DATASET SECTION: Begin

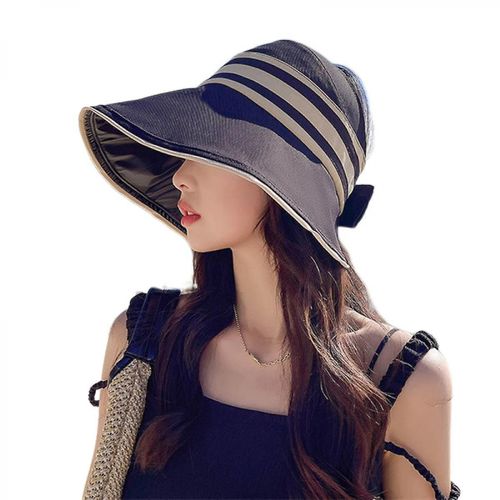 Chapeau De Soleil En Vinyle Filles En Été Vide Crème Solaire Caps En Plein Air Équitation Anti -Ultraviolet Peut Plier Le Chapeau De Soleil, Noir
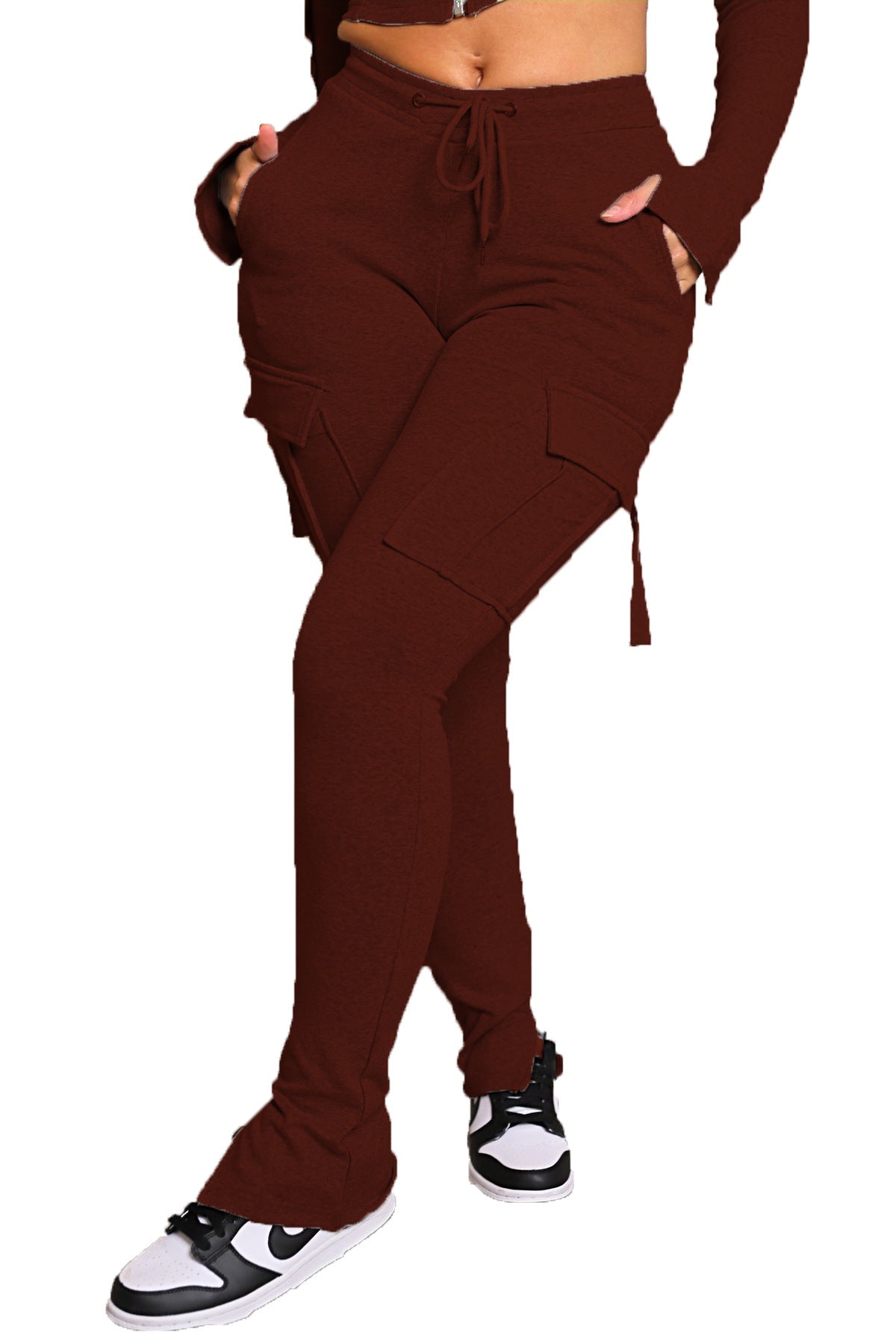Cargo Pants With Pockets High Waist Drawstring Trousers For Women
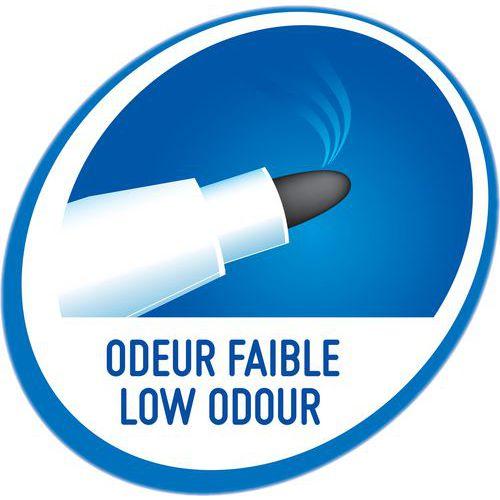 Illustration de : Pack collectivité 48 feutres velleda pointe fine encre bleue - Bic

DATASET SECTION: End

*AIM OF THE TASK:* Repeat the listing word for word. Leave images out.

*WRITTEN ANSWER:*
 Chapeau De Soleil En Vinyle Filles En Été Vide Crème Solaire Caps En Plein Air Équitation Anti -Ultraviolet Peut Plier Le Chapeau De Soleil, Noir
Cargo Pants With Pockets High Waist Drawstring Trousers For Women
 Illustration de : Pack collectivité 48 feutres velleda pointe fine encre bleue - Bic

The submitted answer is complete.